The archaea and eukaryotes associated with bacterial colonization and succession
In our previous study, 17 bacterial species (e.g. P. copri), 8 KEGG functional terms and 21 CAZymes were identified to have significantly different abundances among the three weaning periods, and the abundance of bacteria P. copri played an important role in mitigating piglet adaptation during the weaning transition and was correlated with KEGG pathways and CAZymes . Here, we used a Spearman correlation analysis to determine whether the archaea and eukaryotes are associated with bacterial colonization and succession, especially the bacteria P. copri. However, only one archaea (Methanosarcina siciliae) was found to be positively correlated with P. copri (Fig. 5A). The abundance of Methanosarcina siciliae was markedly higher in the day 28 group (P < 0.001, FDR) and lower in day 14 group (P < 0.001, FDR) compared to that in day 21 group (Fig. 5B). Furthermore, Methanosarcina siciliae abundance was positively correlated with most differential KEGG pathways except cationic antimicrobial peptide (CAMP) resistance (ko01503) pathway (Supplementary Fig. 4A). The sulfur relay system (ko04122) was positively correlated with all of the differential archaea and fungi species (Supplementary Fig. 4A).
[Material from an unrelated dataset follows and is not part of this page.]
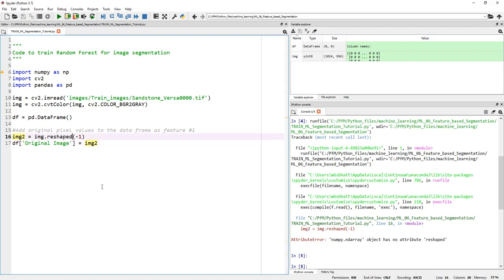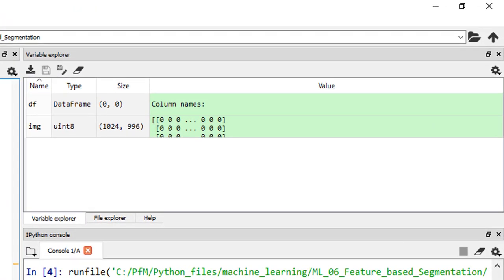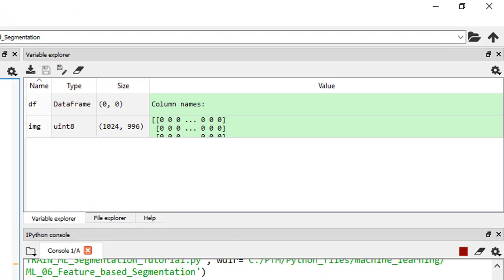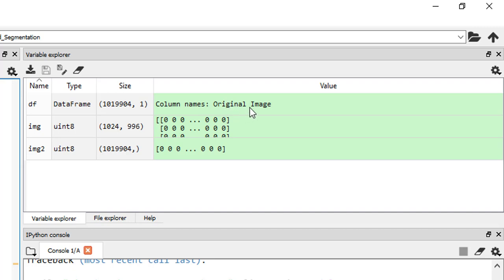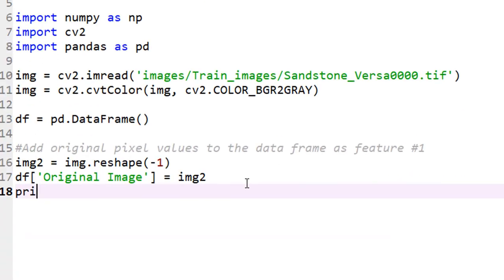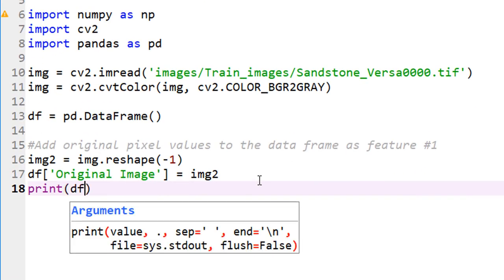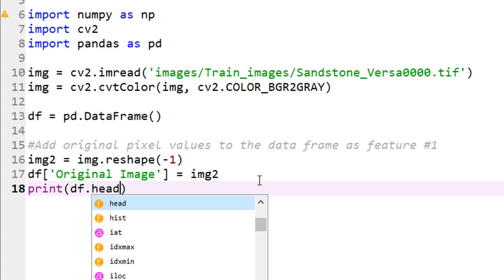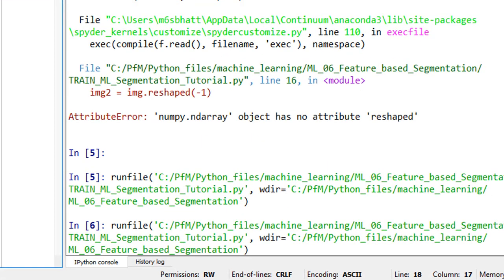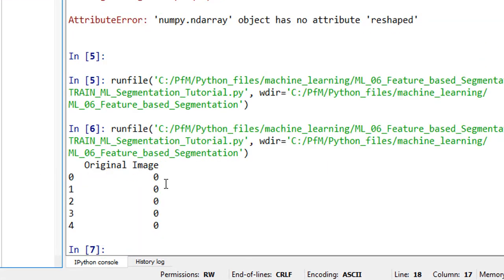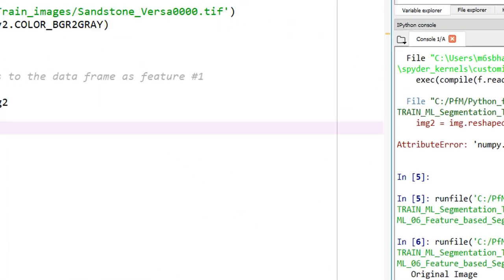Pandas is like Excel for Python. We have columns and rows. 'Original_Image' is my column number one. But this is a 2D image. How can I add that in one column? We have to unwrap it. I'm defining img2, which is img.reshape(-1). When I put minus one, that says reshape my image into a single column. Now I can add img2 pixel values as the row values for original image. Let me run this. There you go.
In terms of CAZymes enrichment, most of differential CAZymes were positively correlated with Methanosarcina siciliae abundance (Supplementary Fig. 4B), indicating the contribution of the archaea and fungi species to changes in CAZymes.
Co-occurrence analysis among the gut bacteria, archaea, fungi and serum metabolites
Previously, we identified a total of 15 metabolite features showing distinct enrichment patterns among the three weaning periods, including15-HEPE, 8-O-Methyloblongine, and Troxilin B3 that were enriched in the day 28 group . Here, we explored potential correlations in abundances among these differential gut archaea, fungi, bacterial species and serum metabolites using a co-occurrence analysis. Bacterial and archaea species were found to form strong and broad co-occurring relationships with serum metabolites; fungi species, on the other hand, displayed only mild correlations with bacterial species, archaea species, and serum metabolites (Fig. 6). Within this coexpression network, bacterial species were clustered in two primary groups (cluster 1 and cluster 3). Serum metabolites also clustered into two groups (cluster 5 and cluster 6). Of note, the P. copri, Methanosarcina siciliae and Parasitella parasitica were positively correlated with each other’s, and found in cluster 2, while gut archaea species were mostly found in cluster 4. Furthermore, P. copri and Methanosarcina siciliae were positively and significantly correlated with 15-HEPE, 8-O-Methyloblongine, and Troxilin B3, indicating a synergistic and niche-related relationship.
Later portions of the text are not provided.